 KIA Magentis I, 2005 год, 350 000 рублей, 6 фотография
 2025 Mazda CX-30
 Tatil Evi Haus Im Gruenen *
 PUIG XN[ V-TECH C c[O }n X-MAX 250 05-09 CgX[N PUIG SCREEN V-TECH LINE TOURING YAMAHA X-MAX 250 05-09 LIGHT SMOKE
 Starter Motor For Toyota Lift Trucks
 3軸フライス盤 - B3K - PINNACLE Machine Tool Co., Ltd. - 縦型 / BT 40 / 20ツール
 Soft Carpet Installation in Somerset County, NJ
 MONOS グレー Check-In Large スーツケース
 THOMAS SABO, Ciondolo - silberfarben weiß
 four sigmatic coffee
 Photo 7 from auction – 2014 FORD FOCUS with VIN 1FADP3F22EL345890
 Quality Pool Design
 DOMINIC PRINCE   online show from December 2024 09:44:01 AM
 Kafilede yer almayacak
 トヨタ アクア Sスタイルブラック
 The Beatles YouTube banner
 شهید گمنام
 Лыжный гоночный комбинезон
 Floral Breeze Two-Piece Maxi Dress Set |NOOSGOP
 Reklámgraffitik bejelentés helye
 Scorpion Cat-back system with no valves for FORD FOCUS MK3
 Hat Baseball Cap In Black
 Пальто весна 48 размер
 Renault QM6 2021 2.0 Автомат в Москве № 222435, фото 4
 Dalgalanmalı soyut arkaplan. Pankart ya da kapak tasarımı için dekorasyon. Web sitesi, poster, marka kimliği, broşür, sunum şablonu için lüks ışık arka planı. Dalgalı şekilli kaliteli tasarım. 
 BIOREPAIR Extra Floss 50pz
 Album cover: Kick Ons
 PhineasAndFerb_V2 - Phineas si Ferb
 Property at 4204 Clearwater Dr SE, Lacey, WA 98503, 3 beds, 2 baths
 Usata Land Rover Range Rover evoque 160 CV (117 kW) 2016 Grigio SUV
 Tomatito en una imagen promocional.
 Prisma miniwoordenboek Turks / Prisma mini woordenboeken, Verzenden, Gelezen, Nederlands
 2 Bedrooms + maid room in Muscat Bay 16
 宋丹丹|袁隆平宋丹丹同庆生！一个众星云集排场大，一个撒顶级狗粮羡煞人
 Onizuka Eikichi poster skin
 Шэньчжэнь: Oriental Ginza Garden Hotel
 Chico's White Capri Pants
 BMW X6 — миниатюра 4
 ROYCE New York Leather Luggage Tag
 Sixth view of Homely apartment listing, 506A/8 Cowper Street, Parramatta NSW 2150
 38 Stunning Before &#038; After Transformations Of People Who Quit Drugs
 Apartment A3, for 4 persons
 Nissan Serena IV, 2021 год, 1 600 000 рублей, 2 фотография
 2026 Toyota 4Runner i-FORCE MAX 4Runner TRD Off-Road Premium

■ ■ ■ ■ ■

* Exercise description
Line by line, retype all of the records exactly.

* Exercise solution
 KIA Magentis I, 2005 год, 350 000 рублей, 6 фотография
 2025 Mazda CX-30
 Tatil Evi Haus Im Gruenen *
 PUIG XN[ V-TECH C c[O }n X-MAX 250 05-09 CgX[N PUIG SCREEN V-TECH LINE TOURING YAMAHA X-MAX 250 05-09 LIGHT SMOKE
 Starter Motor For Toyota Lift Trucks
 3軸フライス盤 - B3K - PINNACLE Machine Tool Co., Ltd. - 縦型 / BT 40 / 20ツール
 Soft Carpet Installation in Somerset County, NJ
 MONOS グレー Check-In Large スーツケース
 THOMAS SABO, Ciondolo - silberfarben weiß
 four sigmatic coffee
 Photo 7 from auction – 2014 FORD FOCUS with VIN 1FADP3F22EL345890
 Quality Pool Design
 DOMINIC PRINCE   online show from December 2024 09:44:01 AM
 Kafilede yer almayacak
 トヨタ アクア Sスタイルブラック
 The Beatles YouTube banner
 شهید گمنام
 Лыжный гоночный комбинезон
 Floral Breeze Two-Piece Maxi Dress Set |NOOSGOP
 Reklámgraffitik bejelentés helye
 Scorpion Cat-back system with no valves for FORD FOCUS MK3
 Hat Baseball Cap In Black
 Пальто весна 48 размер
 Renault QM6 2021 2.0 Автомат в Москве № 222435, фото 4
 Dalgalanmalı soyut arkaplan. Pankart ya da kapak tasarımı için dekorasyon. Web sitesi, poster, marka kimliği, broşür, sunum şablonu için lüks ışık arka planı. Dalgalı şekilli kaliteli tasarım. 
 BIOREPAIR Extra Floss 50pz
 Album cover: Kick Ons
 PhineasAndFerb_V2 - Phineas si Ferb
 Property at 4204 Clearwater Dr SE, Lacey, WA 98503, 3 beds, 2 baths
 Usata Land Rover Range Rover evoque 160 CV (117 kW) 2016 Grigio SUV
 Tomatito en una imagen promocional.
 Prisma miniwoordenboek Turks / Prisma mini woordenboeken, Verzenden, Gelezen, Nederlands
 2 Bedrooms + maid room in Muscat Bay 16
 宋丹丹|袁隆平宋丹丹同庆生！一个众星云集排场大，一个撒顶级狗粮羡煞人
 Onizuka Eikichi poster skin
 Шэньчжэнь: Oriental Ginza Garden Hotel
 Chico's White Capri Pants
 BMW X6 — миниатюра 4
 ROYCE New York Leather Luggage Tag
 Sixth view of Homely apartment listing, 506A/8 Cowper Street, Parramatta NSW 2150
 38 Stunning Before &#038; After Transformations Of People Who Quit Drugs
 Apartment A3, for 4 persons
 Nissan Serena IV, 2021 год, 1 600 000 рублей, 2 фотография
 2026 Toyota 4Runner i-FORCE MAX 4Runner TRD Off-Road Premium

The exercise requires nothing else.